─── DATASET CONTENT

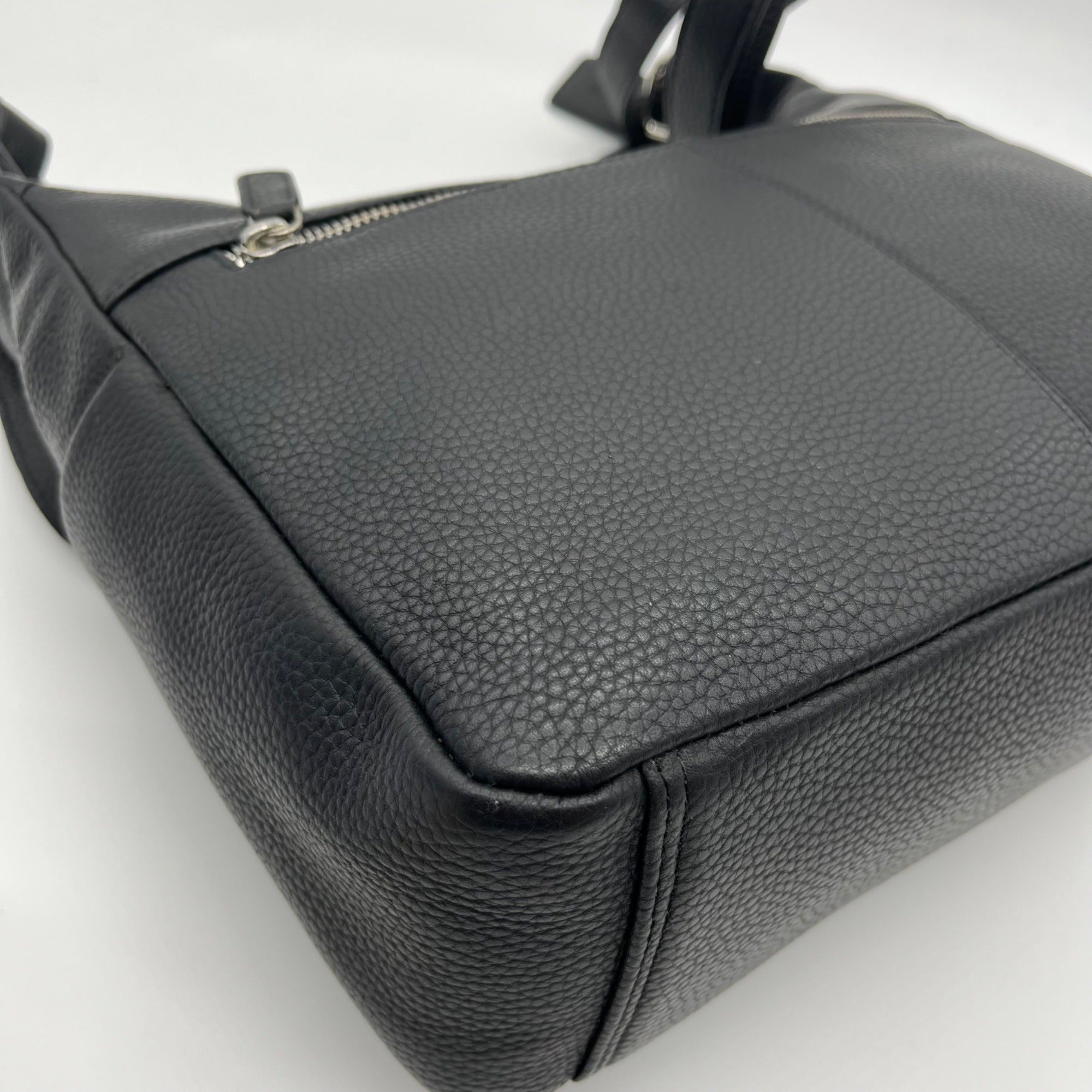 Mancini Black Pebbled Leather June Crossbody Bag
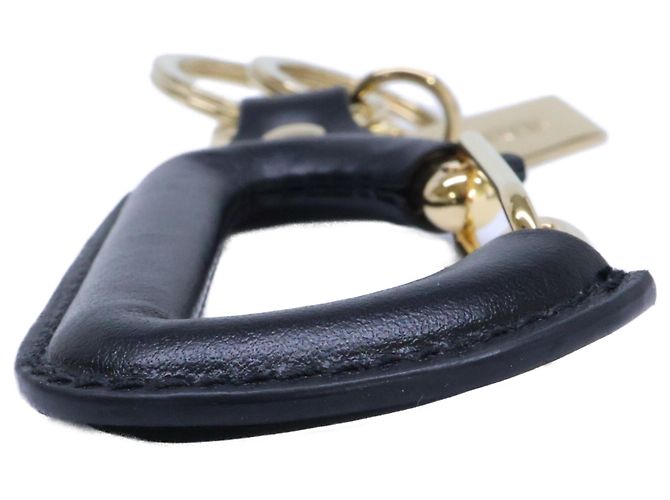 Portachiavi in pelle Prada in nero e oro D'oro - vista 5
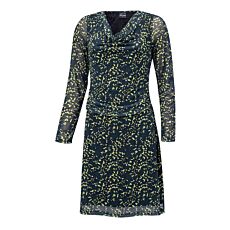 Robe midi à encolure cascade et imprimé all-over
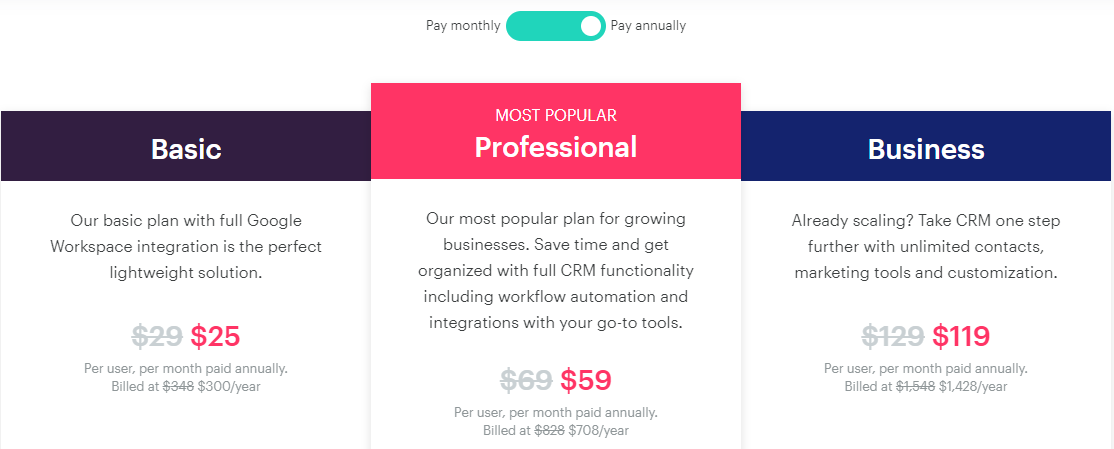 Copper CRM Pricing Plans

──────

Reproduce, word for word, every line from the one that contains "Robe midi à" to the end of the data, including both ends; omit all pictures.

 Robe midi à encolure cascade et imprimé all-over
 Copper CRM Pricing Plans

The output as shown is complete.